- _To do_
Nothing but the lines from the one containing "Enter-Net Influencer short" through the last line of the records below should be written out, each exactly as it stands.
---------------
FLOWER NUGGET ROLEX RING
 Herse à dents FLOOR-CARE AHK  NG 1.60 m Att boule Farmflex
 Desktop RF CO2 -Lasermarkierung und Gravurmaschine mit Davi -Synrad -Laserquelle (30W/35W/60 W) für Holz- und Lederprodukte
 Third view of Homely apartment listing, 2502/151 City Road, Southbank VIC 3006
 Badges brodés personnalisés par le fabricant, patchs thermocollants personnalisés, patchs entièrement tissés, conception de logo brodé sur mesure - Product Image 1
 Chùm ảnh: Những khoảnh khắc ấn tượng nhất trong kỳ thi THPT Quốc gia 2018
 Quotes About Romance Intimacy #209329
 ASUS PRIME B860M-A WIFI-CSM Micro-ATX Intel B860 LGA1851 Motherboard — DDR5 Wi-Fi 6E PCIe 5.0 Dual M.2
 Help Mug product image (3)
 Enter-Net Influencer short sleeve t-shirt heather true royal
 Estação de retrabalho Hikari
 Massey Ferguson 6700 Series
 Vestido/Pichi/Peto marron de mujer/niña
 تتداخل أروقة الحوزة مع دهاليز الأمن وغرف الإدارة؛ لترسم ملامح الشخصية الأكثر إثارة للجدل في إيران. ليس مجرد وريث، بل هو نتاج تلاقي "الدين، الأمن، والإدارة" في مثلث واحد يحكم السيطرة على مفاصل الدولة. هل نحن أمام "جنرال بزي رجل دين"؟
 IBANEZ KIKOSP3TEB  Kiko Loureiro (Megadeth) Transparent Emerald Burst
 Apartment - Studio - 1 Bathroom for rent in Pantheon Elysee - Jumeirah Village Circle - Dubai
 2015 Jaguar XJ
---------------
- _Solution_
 Enter-Net Influencer short sleeve t-shirt heather true royal
 Estação de retrabalho Hikari
 Massey Ferguson 6700 Series
 Vestido/Pichi/Peto marron de mujer/niña
 تتداخل أروقة الحوزة مع دهاليز الأمن وغرف الإدارة؛ لترسم ملامح الشخصية الأكثر إثارة للجدل في إيران. ليس مجرد وريث، بل هو نتاج تلاقي "الدين، الأمن، والإدارة" في مثلث واحد يحكم السيطرة على مفاصل الدولة. هل نحن أمام "جنرال بزي رجل دين"؟
 IBANEZ KIKOSP3TEB  Kiko Loureiro (Megadeth) Transparent Emerald Burst
 Apartment - Studio - 1 Bathroom for rent in Pantheon Elysee - Jumeirah Village Circle - Dubai
 2015 Jaguar XJ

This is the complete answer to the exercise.